Отцу не понравился негостеприимный тон сына, и он постарался исправить впечатление Тузара от приема в доме Гагаевых, дружелюбно спросил:

— Как твои в городе устроились?

— Занятие их не очень достойное для горцев, но времена стали другие — грех жаловаться. Ходит там в начальстве один Тотикоев, он и устроил Махарбека и Мамсыра при базаре. Сами они не торгуют, но за чем-то обязаны следить... Салам по-прежнему держит чайную, — Тузар опустил голову.

— Васо, я слышал, в Алагире? — заметил Дзамболат.

— На станции работает, — ответил Тузар. — А Дабе возит почту из Владикавказа в Алагир.

— Конюхом, значит, — усмехнулся Мурат.

— Как-то иначе называется его должность, не запомнил, — покорно произнес Тузар.
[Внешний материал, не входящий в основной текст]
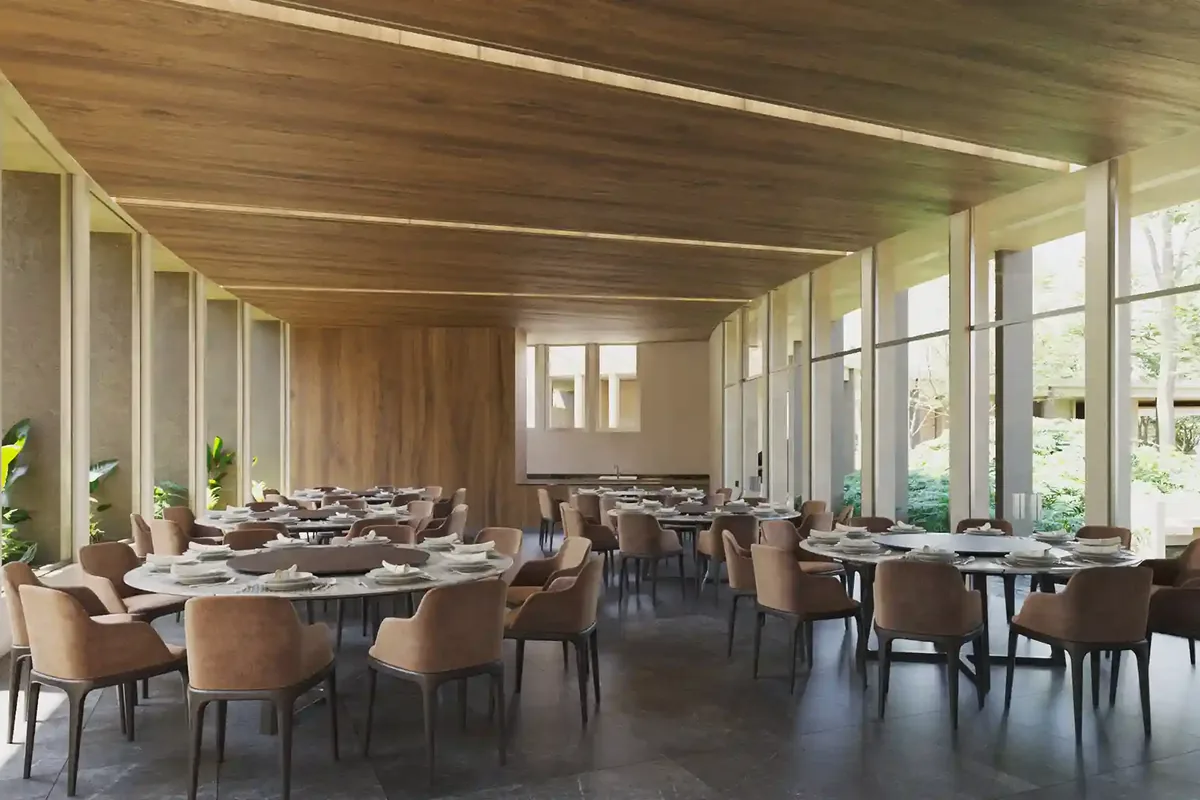 Render del salón de eventos de Nórtico Residencial, de SIMCA Desarrollos, con mesas y ventanales hacia las áreas verdes.
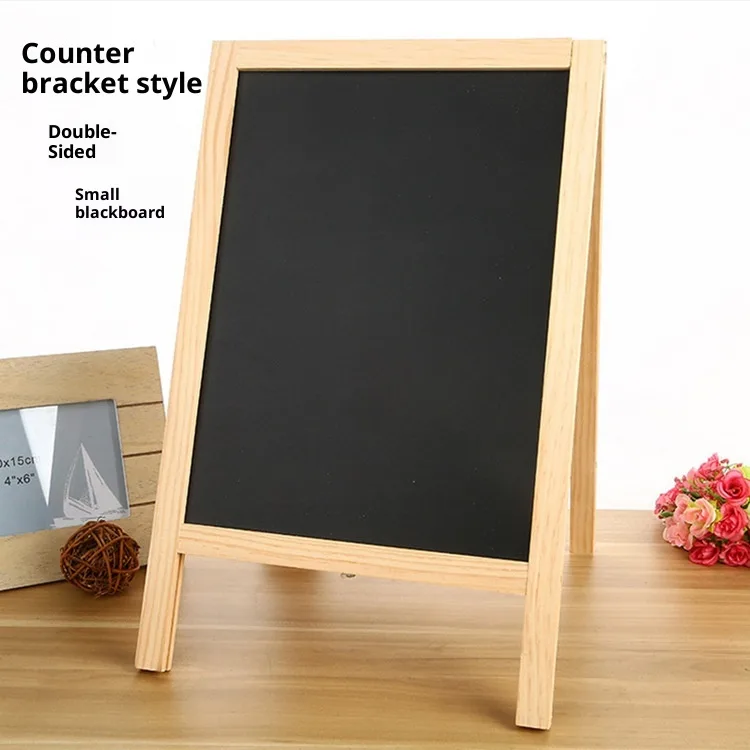 Wooden blackboard easel with chalk writing on blackboard panel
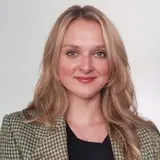 Porträt einer blonden Frau mit langen Haaren, die in einem karierten Blazer und einem schwarzen Shirt gekleidet ist. Sie lächelt freundlich in die Kamera. Der Hintergrund ist hell und neutral, was den Fokus auf ihr Gesicht lenkt.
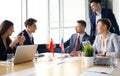 Chinese and American leaders shaking hands on a deal agreement. Royalty Free Stock Photo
— Конюх есть конюх, как его ни называй, — отрезал Мурат.

— Ты будто радуешься, сын? — недовольно поморщился Дзамболат. — Чему бы?

— Теперь поймут, что такое жизнь, — весело ответил Мурат.

— Такая радость не достойна джигита! — резко прервал Дзамболат сына. — Ты понимаешь, что это оскорбляет Тузара? А в чем он провинился?

— Эх, отец, я вижу то, чего вы не желаете замечать. Мы с вами никогда не сможем приобрести во Владикавказе и Алагире дома... А они купили. Откуда деньги? Значит, утаили золото. Когда их арестовали, надо было тайники поискать, да мы постеснялись: как же, земляки ведь!.. А они вот воспользовались этим... Не надо их жалеть, — Мурат обратился к гостю: — Ты, Тузар, на них не похож. Достойно уважения уже то, что не отправился следом за братьями в долину...

Когда они вошли в комнату Мурата, Тузар застеснялся. Гагаев пришел ему на помощь:

— Что-то ты последние дни сам не свой. Тебя огорчила поездка к родным?

Тузар помялся, тихо промолвил:

— Не разрешили они мне жениться.

— Жениться? — встрепенулся Мурат. — На ком?

— В этом и трудность, — покачал головой Тузар. — Как услышали, что она не осетинка, — и слушать не захотели. Такого позора, говорят, мы не потерпим. Забудь ее и все!

— Не осетинка... — тут до Мурата дошло: — Зина?!

Тузар опустил глаза, несмело кивнул.

— Достойная невеста! — заключил Мурат.

— Может, есть закон, по которому братьев заставят дать согласие? — спросил Тузар.

— А мы и не будем у них спрашивать разрешения, — заявил Мурат. — Раз ты согласен, раз Зина согласна, то по советским законам выходит — быть свадьбе! И мы ее тебе устроим! Сельсовет устроит!

— Зина хочет, чтоб свадьба была по-осетински, — сообщил Тузар. — Ей нравятся наряд, приезд за невестой на конях...

— Вот это невеста! — воскликнул Мурат. — Она уважила не только тебя своим согласием! Она уважила весь аул. Скажи ей: все, чем красива осетинская свадьба, будет!

Свадьба прошла весело. Правда, огорчало, что из братьев Тузара прибыл лишь Салам, да и тот, казалось, только для того, чтобы своими глазами увидеть свадьбу, состоявшуюся без согласия родных. Он пробыл в ауле лишь до вечера.